*EXCERPTED DATA*
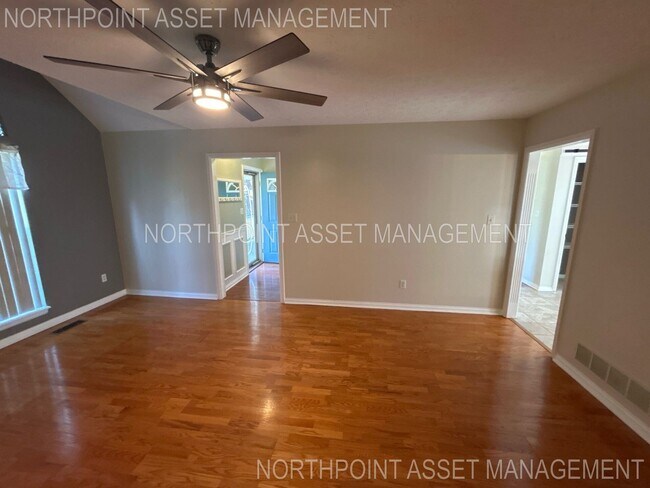 Building Photo - Welcome to 4 Bedroom and 3.5 Bath Home In ...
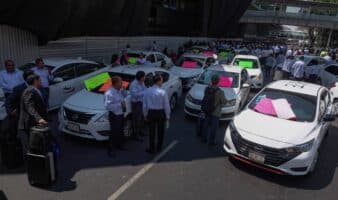 Taxistas exigen legalidad; AICM realizará operativos y Uber demanda circulación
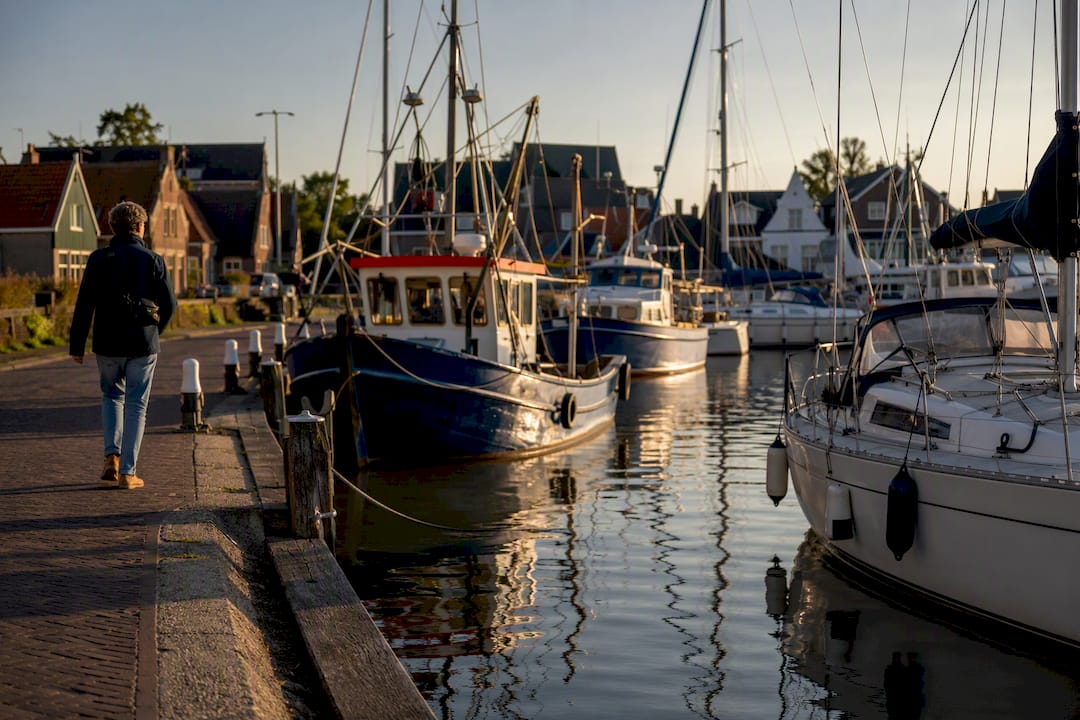 Vissersboten in de haven van Nes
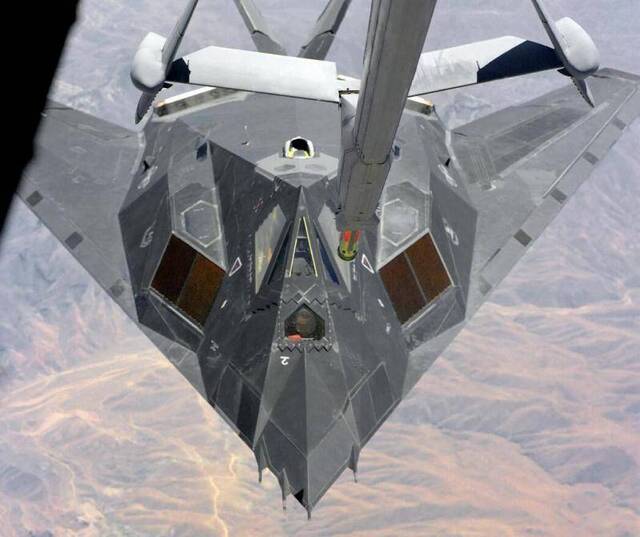 F-117战斗机进行空中加油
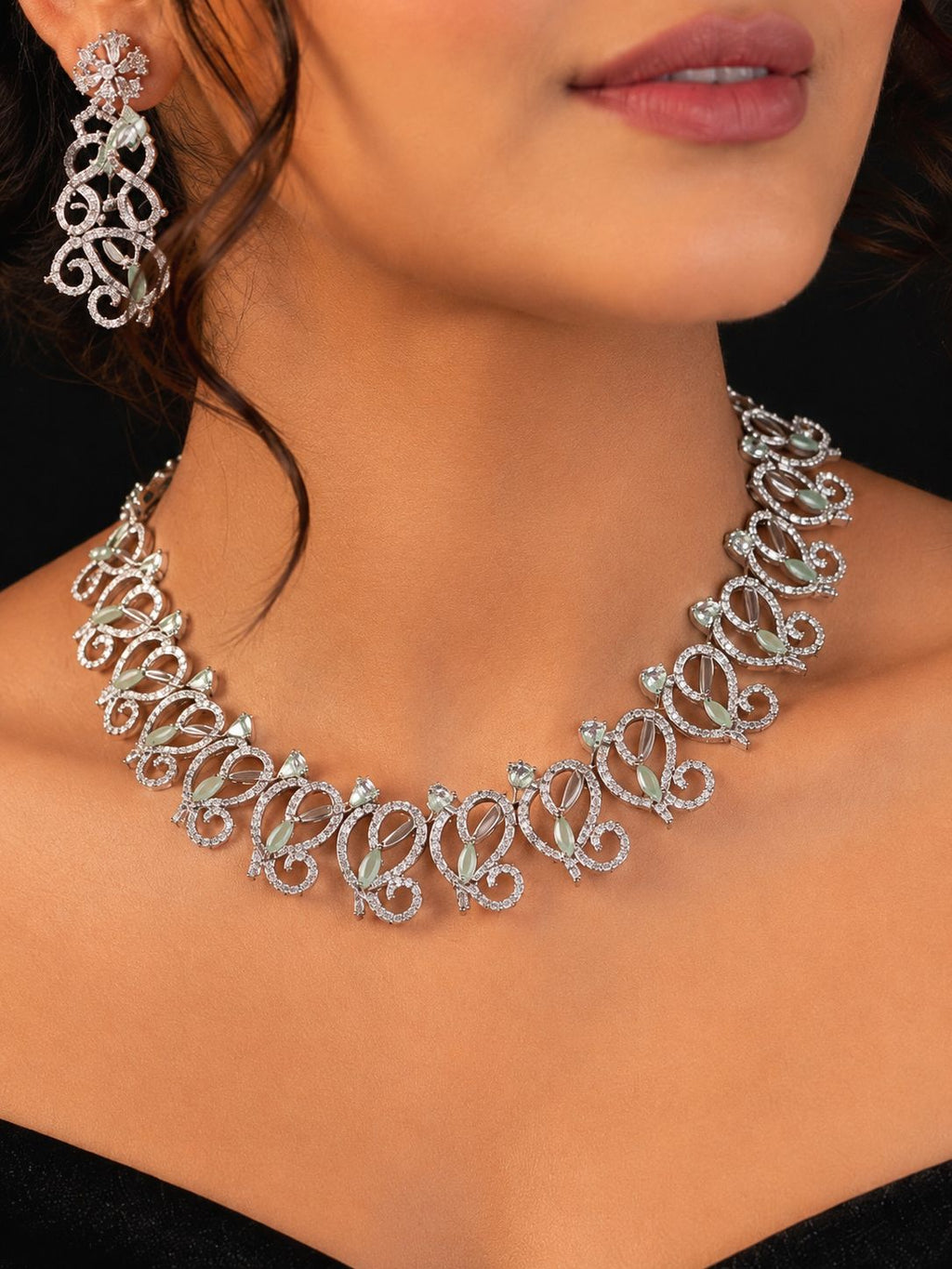 Ankuna Crystal Vine Necklace Set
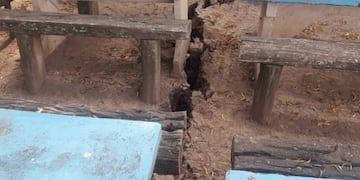 Parte del terreno del club Mitre a orillas del río se partió este viernes\u002E (Twitter)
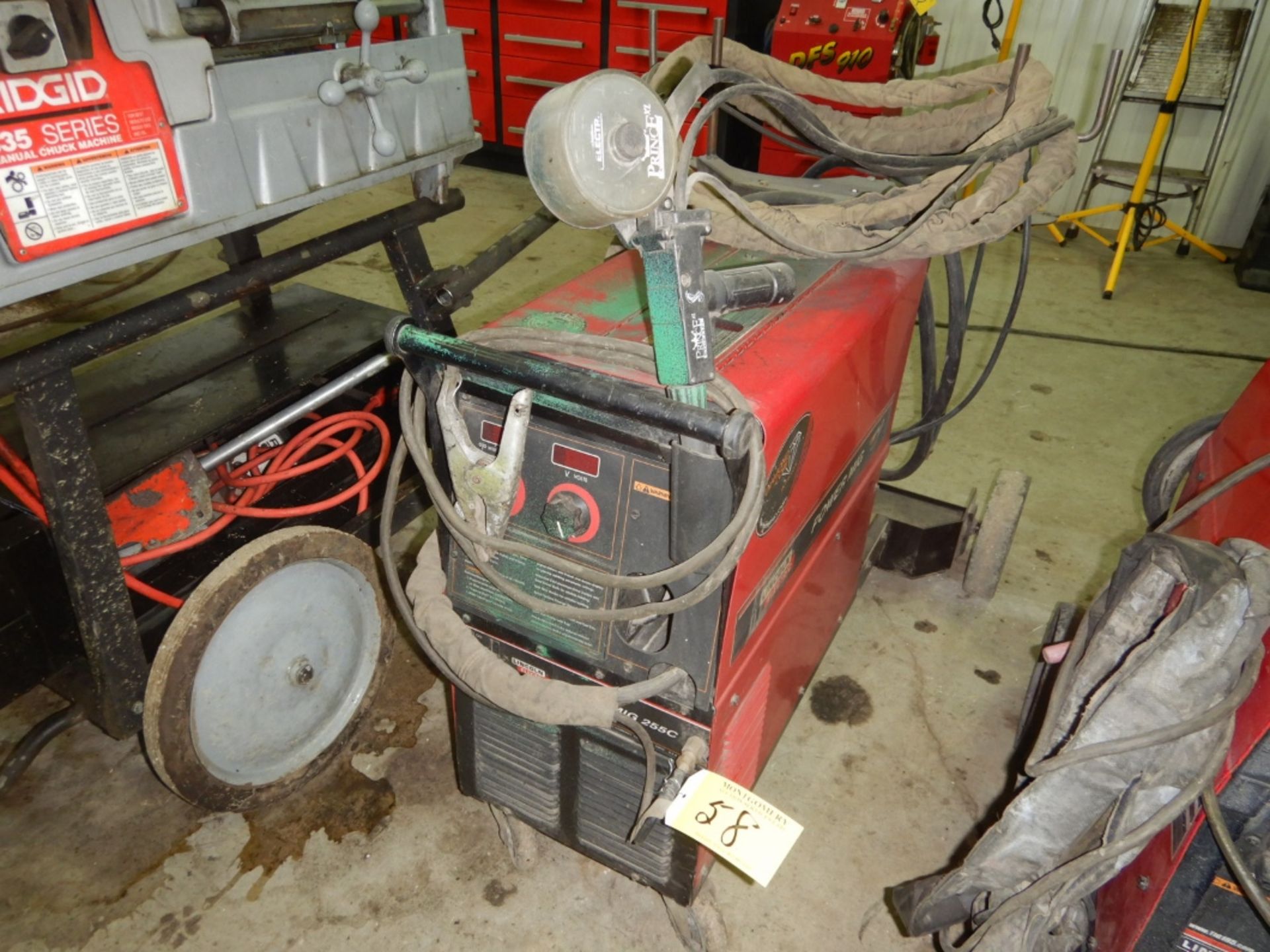 LINCOLN 255C POWER MIG WELDER W/ SPOOL GUN S/N U1050518699 - Image 4 of 5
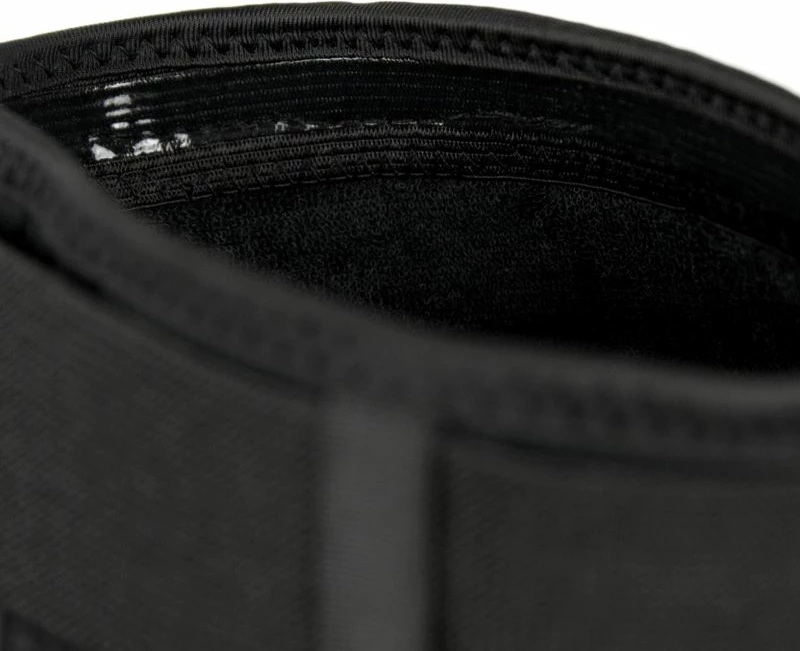 Mbrojtëse gjuri Kellys për të rritur, të zeza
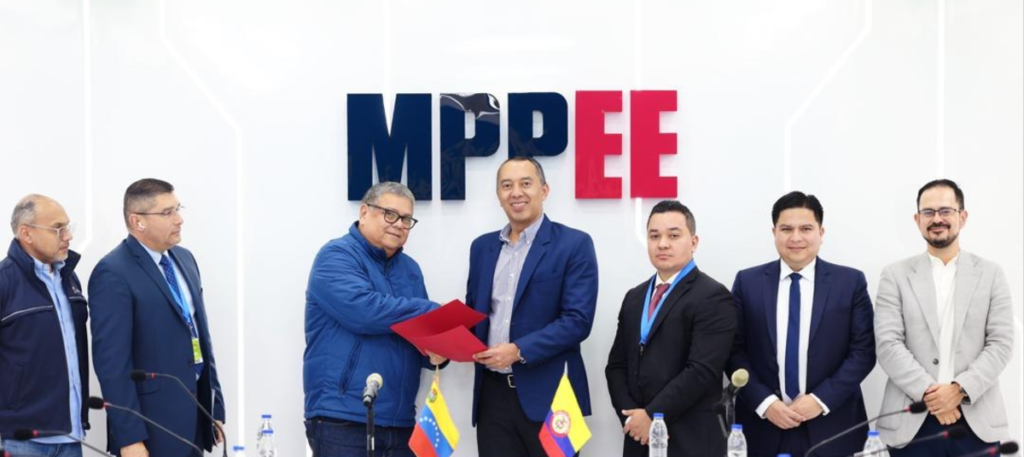 Venezuela y Colombia firman acuerdo para reactivar la interconexión de energía eléctrica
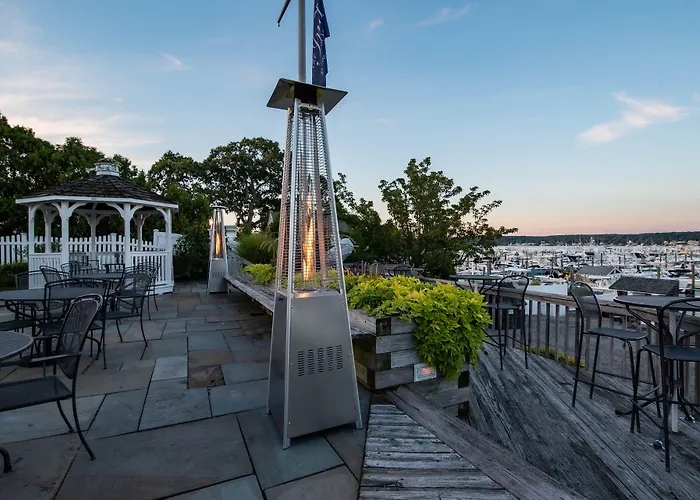 Inn At Harbor Hill Marina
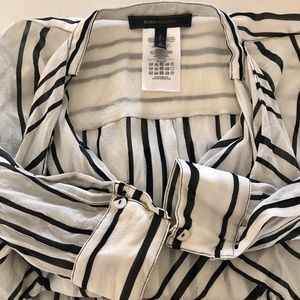 BCBG maxazria back and white blouse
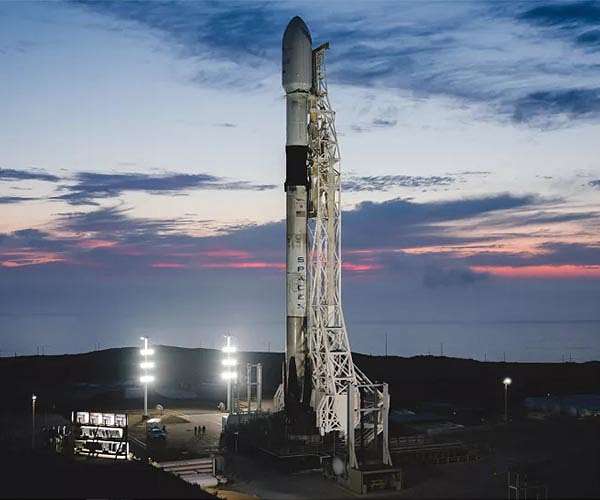 SpaceX to launch spysat from Vandenberg base next week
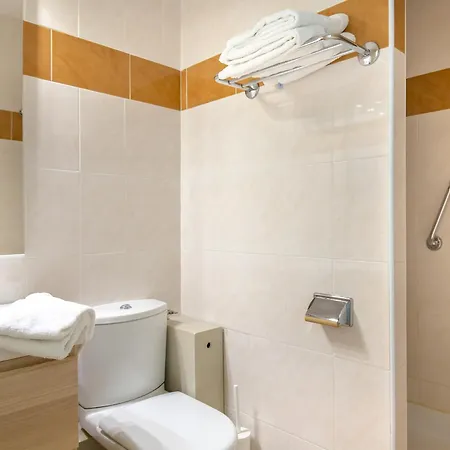 Climatisé Idéal: Et Centre-ville à Pied, Wifi Gratuit - Fr-1-466a-51 Appartement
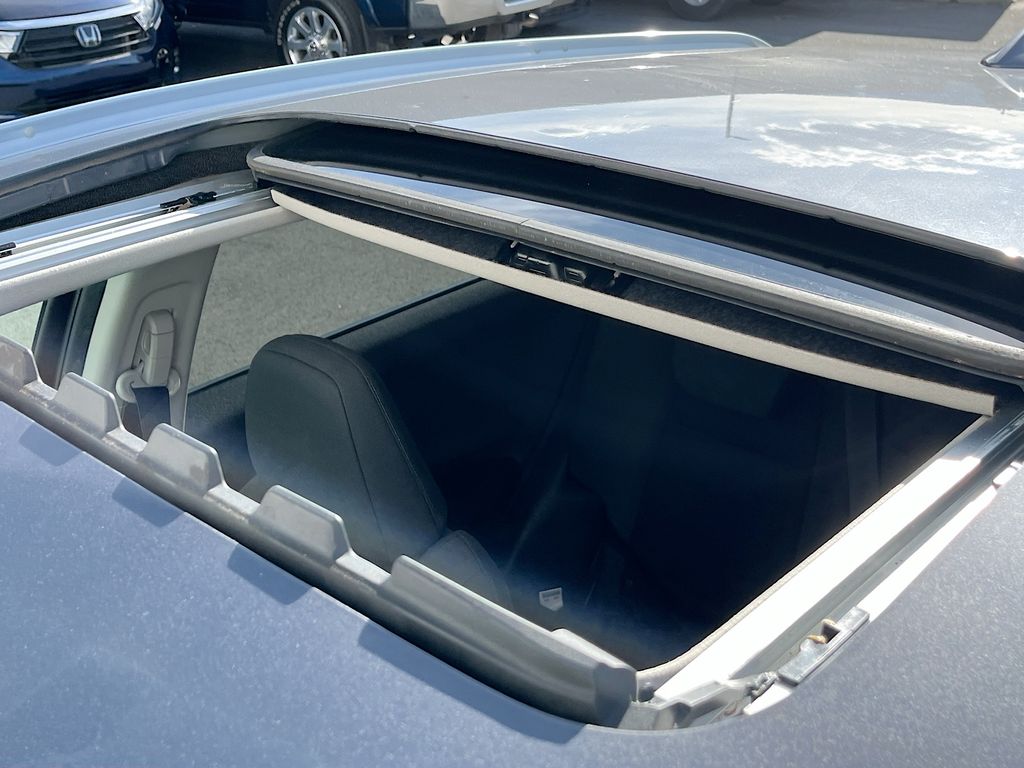 Used 2022 Gray Honda EX image 21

*WHAT THIS TASK INVOLVES*
Reproduce the data above in full, exactly as it is, with the pictures left out.

*TASK ANSWER*
 Building Photo - Welcome to 4 Bedroom and 3.5 Bath Home In ...
 Taxistas exigen legalidad; AICM realizará operativos y Uber demanda circulación
 Vissersboten in de haven van Nes
 F-117战斗机进行空中加油
 Ankuna Crystal Vine Necklace Set
 Parte del terreno del club Mitre a orillas del río se partió este viernes\u002E (Twitter)
 LINCOLN 255C POWER MIG WELDER W/ SPOOL GUN S/N U1050518699 - Image 4 of 5
 Mbrojtëse gjuri Kellys për të rritur, të zeza
 Venezuela y Colombia firman acuerdo para reactivar la interconexión de energía eléctrica
 Inn At Harbor Hill Marina
 BCBG maxazria back and white blouse
 SpaceX to launch spysat from Vandenberg base next week
 Climatisé Idéal: Et Centre-ville à Pied, Wifi Gratuit - Fr-1-466a-51 Appartement
 Used 2022 Gray Honda EX image 21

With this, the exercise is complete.